Interessant. Das scheint also vom Konzept im UK relativ ähnlich zu meinem Vorschlag zu sein. Vielleicht sollte man noch klarstellen, dass die “Überstunden” aber nicht mit einem bestimmten Faktor umgerechnet werden dürfen und anschließend bei 500 Euro gekappt werden (auch erst kürzlich vom BVerwG zugelassene Gebührenpraxis :/), sondern dass da immer noch “Gebührengerechtigkeit” vorliegen muss. Wenn eine Anfrage, die 40 Stunden Arbeitszeit verursacht, z. B. den Höchstsatz von 500 Euro kostet, so darf eine Anfrage, die nur 11 Stunden Arbeitszeit verursacht ja nicht ganze 50 Euro oder so kosten, sondern vielleicht nur 5-20 Euro.

Das stimmt. Wobei man das auch durch eine einfache Formulierungswahl gut regeln kann. Also quasi “… fallen Gebühren an für erforderliche Amtshandlungen, die der antragstellenden Person zugerechnet werden können” oder so ähnlich. Vielleicht, da das beim VIG teilweise von den Behörden angedroht wurde, bestimmen, dass die Kosten von Streitigkeiten mit Dritten nicht den antragstellenden Personen auferlegt werden dürfen.

Ich halte dies für die einzige sinnvolle Variante. Die 2. Variante ist zwar sogar noch effektiver, aber das wird nicht umsetzbar sein. Der BfDI ist auch eben nicht so wirklich thematisch immer drin. Rechtlich würde Variante 2 sicher auch enorme Hürden darstellen (Eventuell verfassungsrechtlich)

Variante 3 entspricht ein wenig dem HmbTG. Diese Variante halte ich für zu schwach und würde extremst selten genutzt werden.

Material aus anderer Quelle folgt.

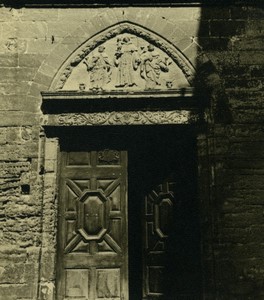 France Gard Église Saint-Paul de Beaucaire Church West door Old Photo 1947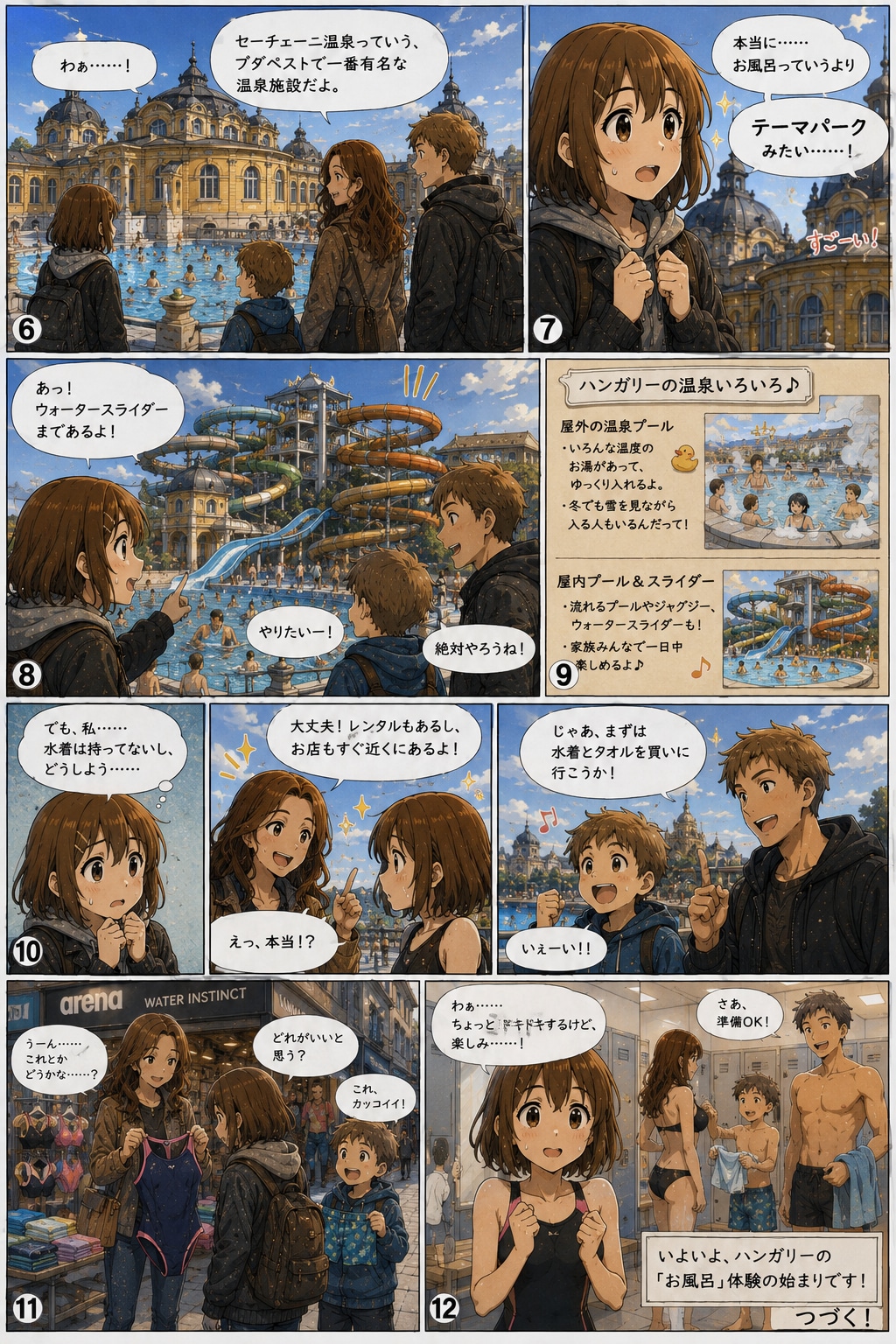 平沢唯のひとり旅日記⑤ ハンガリーのお風呂!?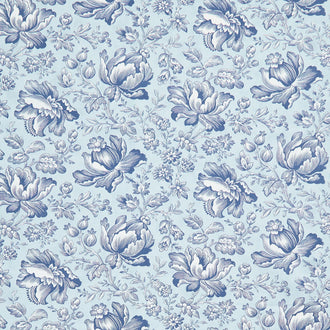 Cascade - Romantic Toile Sky Yardage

Somit bleibt Variante 1. Außerdem muss klargestellt werden, dass der BfDI sich Unterlagen jederzeit während einer Vermittlung hinzuziehen darf, um sie zu bewerten. Einzig bei Unterlagen, die das Wohl des Bundes etc. betreffen kann der BfDI die Einsicht vor Ort vornehmen. Abgelehnt werden darf dies aber nicht.

Der Rechtsweg selbst ist m.E. auch zu lang. Die Methodik in der Schweiz halte ich für interessant: Fedlex

Eine positive Empfehlung kommt hier im Grunde einer Anordnung gleich, da die Behörde dann dagegen klagen (Beschwerde einreichen) muss. Und dies relativ schnell.

EDIT: Die Behörde erlässt eine Verfügung (Also einen Bescheid). Da muss ich mich also korrigieren. Eine Anordnungsbefugnis gibt es auch dort nicht (Schweiz).

Ich halte die Befugnis aber für enorm wichtig, da sie die Behörde zur Klage zwingt und es gar kein Kostenrisiko mehr für den Antragsteller gibt.